This is about not even trying durability before returning a result ("Commit-to-disk on a single system is [...] unnecessary") it's hoping that servers won't crash and restart together: some might fail but others will eventually commit. However that assumes a subset of random (uncoordinated) hardware failures, maybe a cosmic ray blasts the ssd controller. That's fine, but it fails to account for coordinated failure where, a particular workload leads to the same overflow scenario on all servers the same. They all acknowledge the writes to the client but then all crash and restart.

To some extent the only way around that is to use non-uniform hardware though.
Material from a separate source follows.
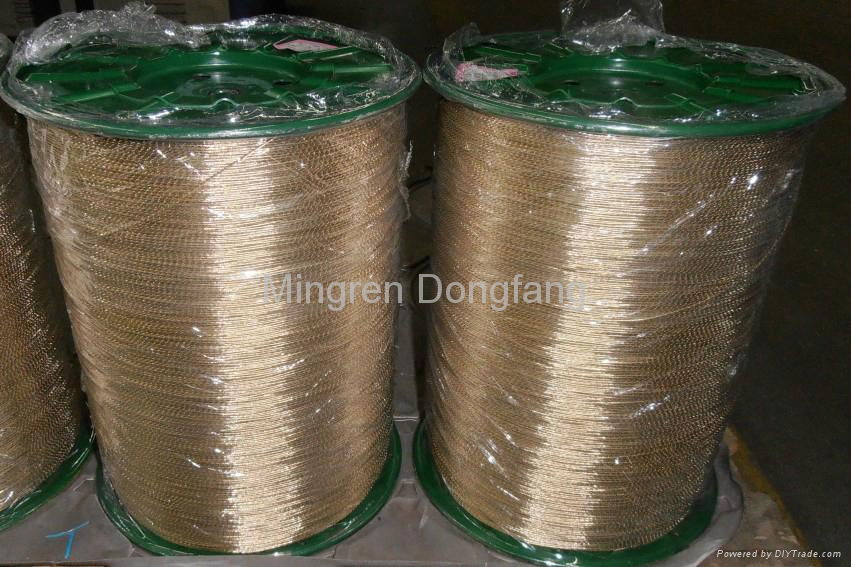 Tyre Bead Wire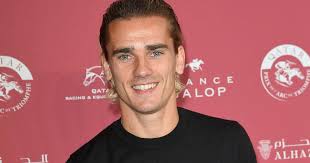 Le tendre rituel d'Antoine Griezmann et sa fille Mia avant chaque match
Suppose you have each server commit the data "to disk" but it's really a RAID controller with a battery-backed write cache or enterprise SSD with a DRAM cache and an internal capacitor to flush the cache on power failure. If they're all the same model and you find a usage pattern that will crash the firmware before it does the write, you lose the data. It's little different than having the storage node do it. If the code has a bug and they all run the same code then they all run the same bug.

Yeah good point, at least if you wait till you get an acknowledgement for the fsync on N nodes it's already in an a lot better position. Maybe overkill but you can also read the back the data and reverify the checksum. But yeah in general you make a good point, I think that's why some folks deliberately use different drive models and/or raid controllers to avoid cases like that.